Eschilo, il grande poeta greco, nella sua tragedia I Persiani, era convinto che nessuna divinità porga orecchio alla voce lancinante del sofferente. Giobbe, alla fine, riceverà invece una risposta, mentre il cristianesimo andrà oltre e vedrà in Cristo il Figlio di un Dio che scende sulla terra e si pone spalla a spalla coi tanti disperati della terra, assumendo in pienezza quella particolare «carta d’identità» dell’umanità che è il dolore e la morte. Di fronte all’Olimpo e al Fato greco “apatici”, il Dio cristiano è “patetico” e di questo «pathos» divino, che è condivisione misteriosa e misericordiosa, Papa Francesco ne è testimone appassionato, come sanno le folle che da sette anni accorrono ad ascoltare la sua parola o che meditano i suoi testi.
Riguardo al settenario di anni del suo pontificato la mia è una piccola e marginale attestazione. Col nostro dialogo, Giobbe, in quelle ore decisive nella storia della Chiesa, era anche lui idealmente entrato in Conclave. Ne è poi uscito con la voce – più pacata e con tonalità minore, ma con altrettanta carica interiore – di Papa Francesco. Egli è consapevole – come scriveva (nella folla degli autori che nei secoli hanno ricreato questa figura biblica) il poeta francese Lamartine – che «quella di Giobbe non è la voce di un uomo ma è la voce di un tempo, è il primo e ultimo vagito dell’anima, anzi, di ogni anima».
A suggello di questa minuscola memoria personale su Papa Francesco, è per me naturale rievocare un autore a lui caro, anche perché ebbe l’occasione di averlo ospite per una settimana a Santa Fe nel 1965 in una scuola superiore dei Gesuiti ove Bergoglio insegnava.

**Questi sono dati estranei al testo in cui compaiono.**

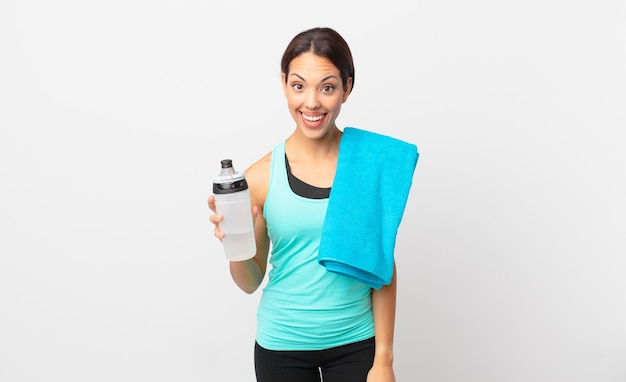 Young hispanic woman looking happy and pleasantly surprised. fitness concept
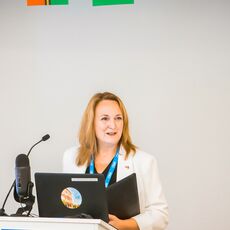 Dana Eidsness at a podium.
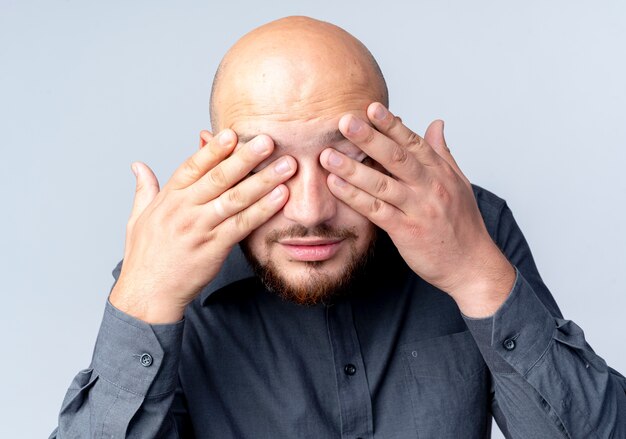 Young bald call center man closing eyes with hands isolated on white background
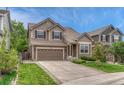 Well-kept home shows a lush lawn, driveway, complementary landscaping, and neutral colored siding at 4214 Kestrel Pl, Castle Rock, CO 80109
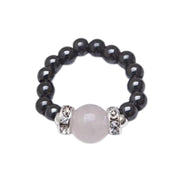 MagneHealth rose quartz ring close-up for balanced energy on the go.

Si tratta di Jorge Luis Borges che confessava: «Di tutti i libri della Bibbia quelli che mi hanno appassionato di più sono il libro di Giobbe, l’Ecclesiaste e, evidentemente, i Vangeli». Anzi, a Giobbe egli aveva testimoniato questa sua predilezione sia dedicandogli una conferenza, pubblicata nel 1967 all’«Instituto de Intercambio Cultural Argentino-Israelí», sia approntando una prefazione alla Exposición del Libro de Job di Fray Luis de León (1527-1591), un autore mistico, considerato un classico spagnolo del «Siglo de Oro» di quella letteratura.
Borges era conquistato dallo sfolgorare delle immagini “barocche” con cui la tragedia giobbica è espressa, dal proteiforme procedere del libro e dalla «tenebra luminosa» (un ossimoro presente proprio in Giobbe 10,22) di quest’opera così terrestre-immanente e così divino-trascendente. Ma forse per Papa Francesco è il commento “cristologico” di Georges Bernanos nel Diario di un curato di campagna a esprimere in profondità i suoi stessi sentimenti: «Il buon Dio non ha scritto che dobbiamo essere il miele della terra, ma il sale. Ora il nostro povero mondo somiglia al vecchio padre Giobbe, pieno di piaghe e di ulcere, sul suo letamaio. Il sale, sulla carne viva, brucia. Ma le impedisce anche di putrefarsi».